- Occupation: Political scientist
- Known for: Research on ethnic politics and immigration
- Title: Professor of Political Science

Academic background
- Alma mater: Stanford University (PhD)

Academic work
- Discipline: Political science
- Institutions: University of California, San Diego
- Notable works: Why Muslim Integration Fails in Christian-Heritage Societies (2016)

= Claire Adida =

French political scientist

Claire Adida is Professor of Political Science at the University of California, San Diego. She is also a faculty affiliate at the Policy Design and Evaluation Lab, the Center for Comparative Immigration Studies, the Stanford Immigration Policy Lab, and the Evidence in Governance and Politics Group. She is on the editorial board of the American Political Science Review. She is known for research on comparative ethnic policies focusing on identity, immigration and integration, inter-group cooperation and conflict, as well as the use of survey experiments.

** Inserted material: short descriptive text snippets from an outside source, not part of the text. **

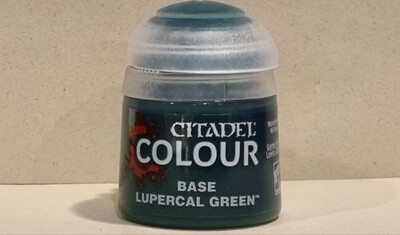 Citadel Paint, Base: Lupercal Green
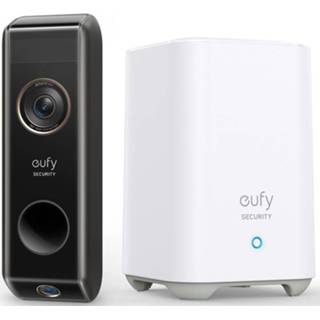👉 Batterij Eufy by Anker videodeurbel Dual 2K (batterij gevoed) 194644083892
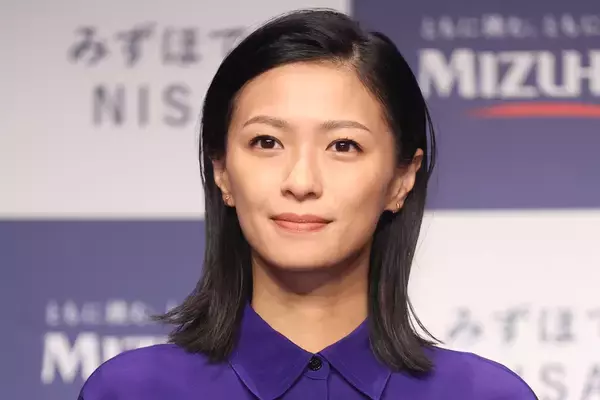 榮倉奈々　12年ぶり連ドラ主演に復帰！決断のカゲにあった賀来賢人との“夫婦のルール”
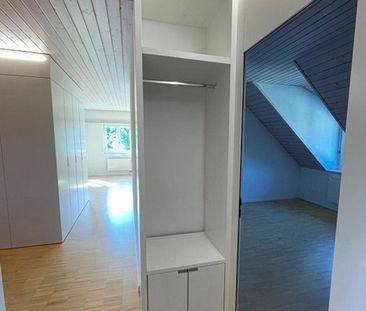 Grosszügige 3 1/2 Zimmer- Dachwohnung mit saniertem Bad - Foto 6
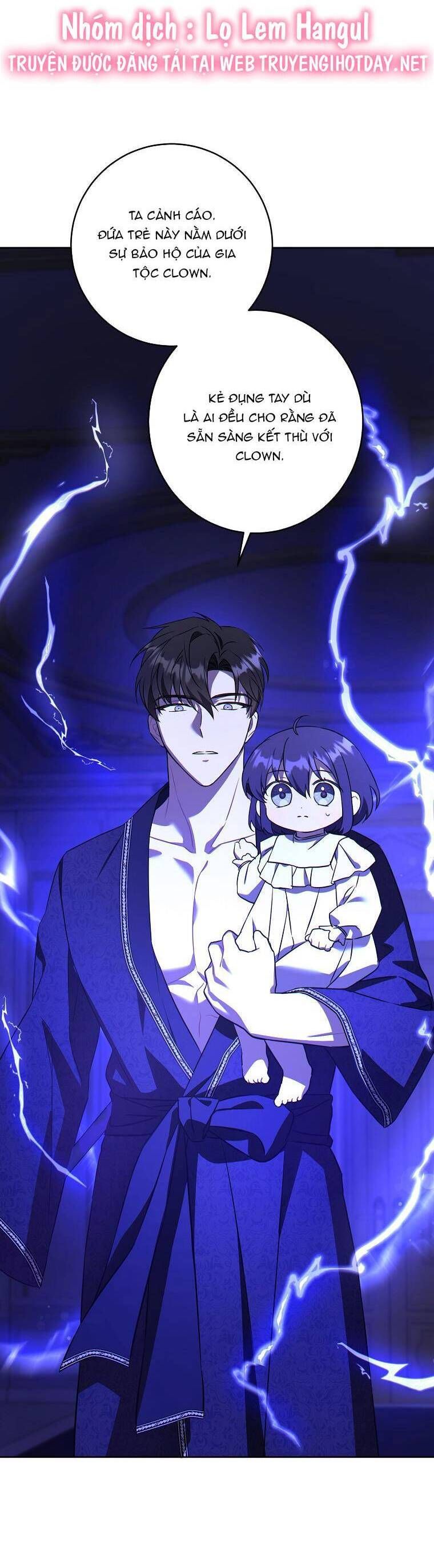 đọc truyện Cho Con Núm Vú Đi Mà Chương 67 ảnh 31 tại Thiên Thai Truyện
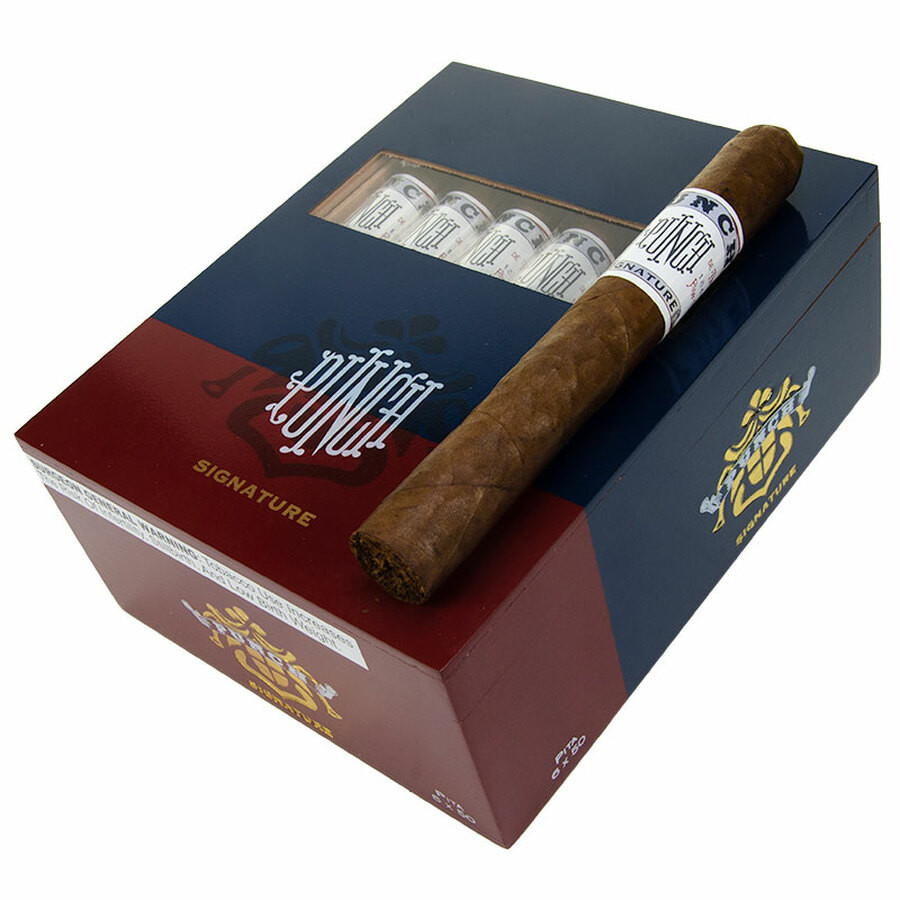 PUNCH SIGNATURE PITA Cuban Crafters Cigars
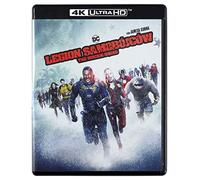 The Suicide Squad [Blu-Ray] [Region Free] (English audio)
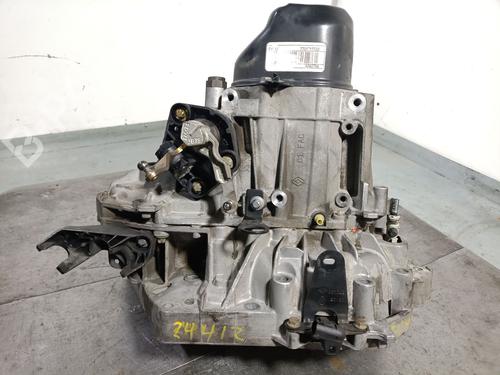 Gearbox RENAULT MODUS / GRAND MODUS (F/JP0_) 1.5 dCi (FP0D, JP0D) | BP31644618M3 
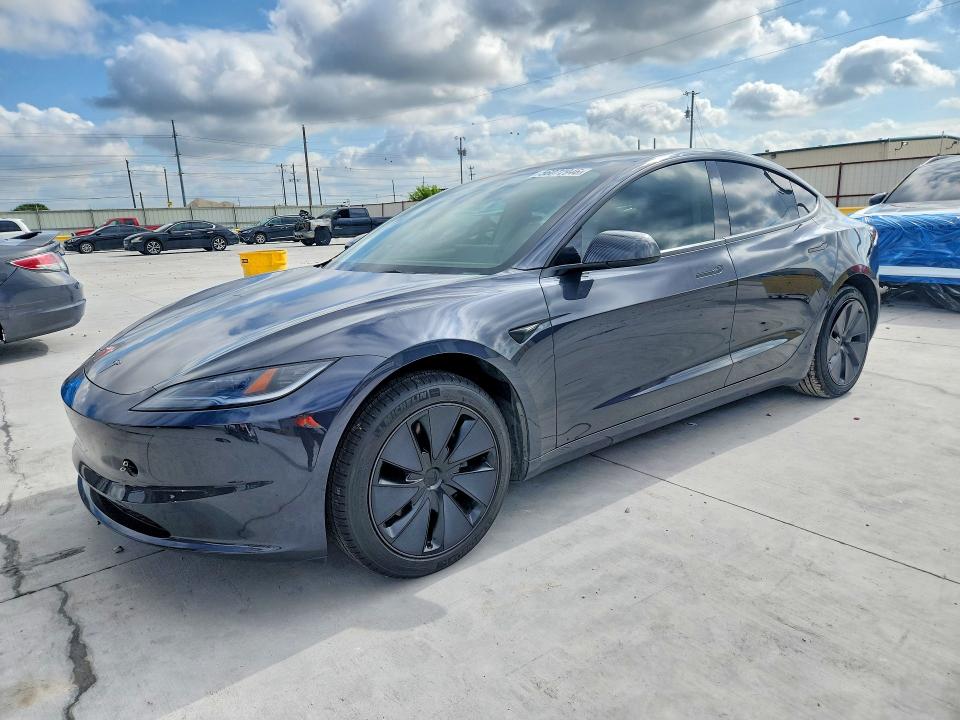 2025 TESLA MDL 3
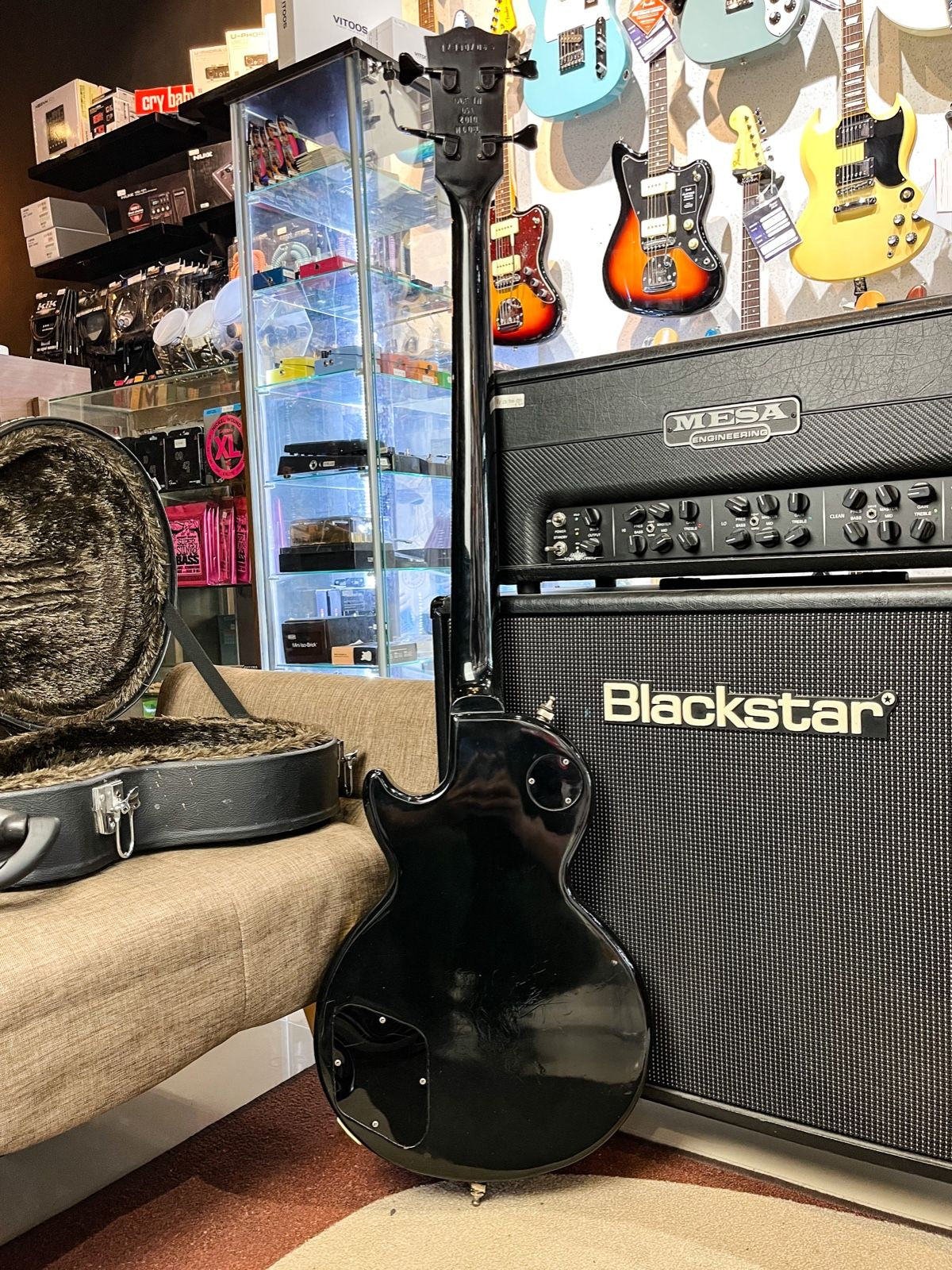 Gibson LesPaul Bass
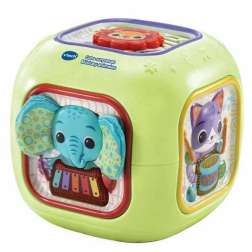 vtech cubo sorpresa musica y animales (vtech - 574122)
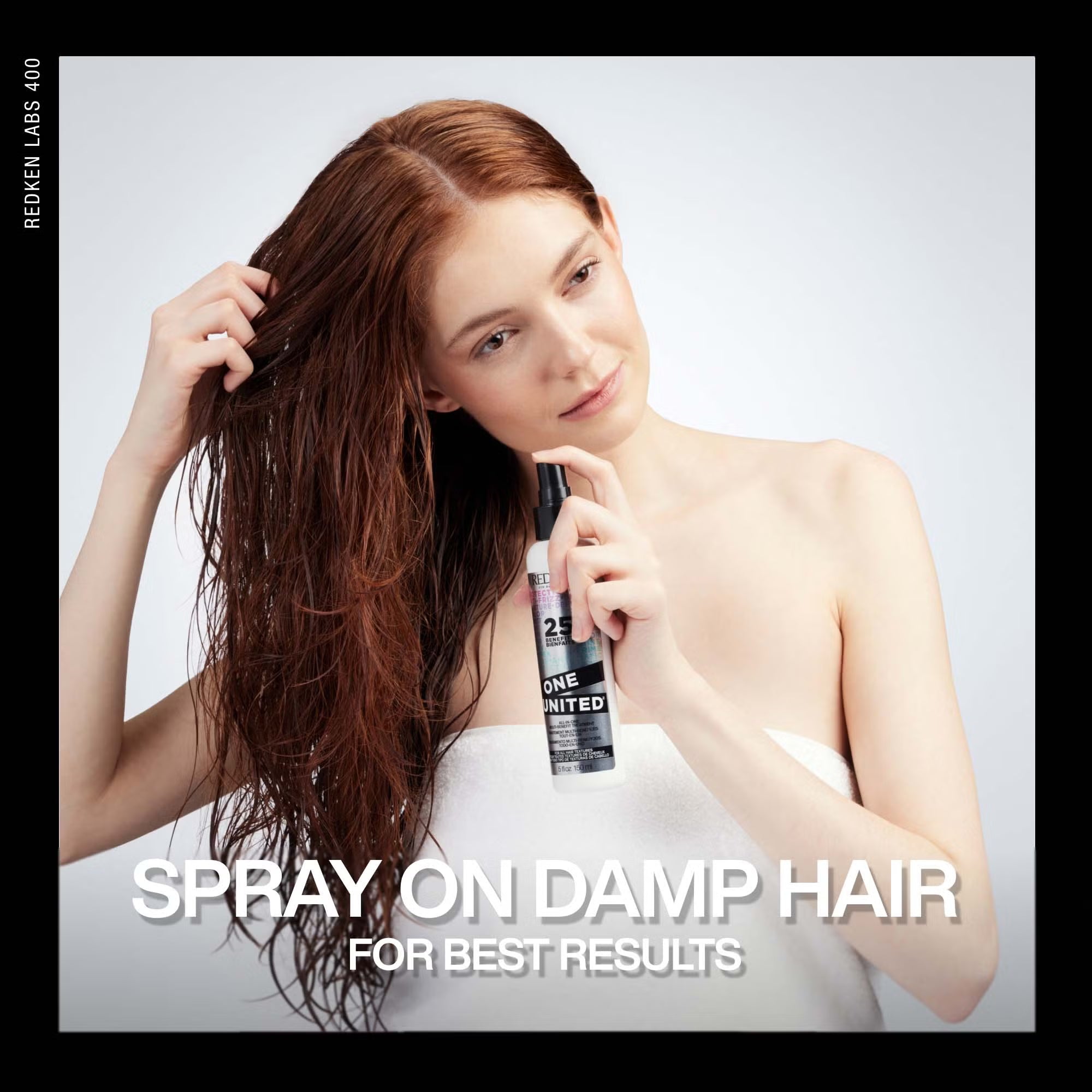REDKEN One United All-In-One Treatment Spray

== Education and career ==
Adida has a PhD in political science from Stanford University. Her research projects have covered how voters in West Africa hold politicians accountable; the experience of Somalis who immigrate to the United States, how to increase inclusionary attitudes towards Syrian refugees, among other topics.

== Personal life ==
Her partner is Jennifer Burney, Associate Professor and the Marshall Saunders Chancellor's Endowed Chair in Global Climate Policy and Research at the University of California, San Diego. They have two children.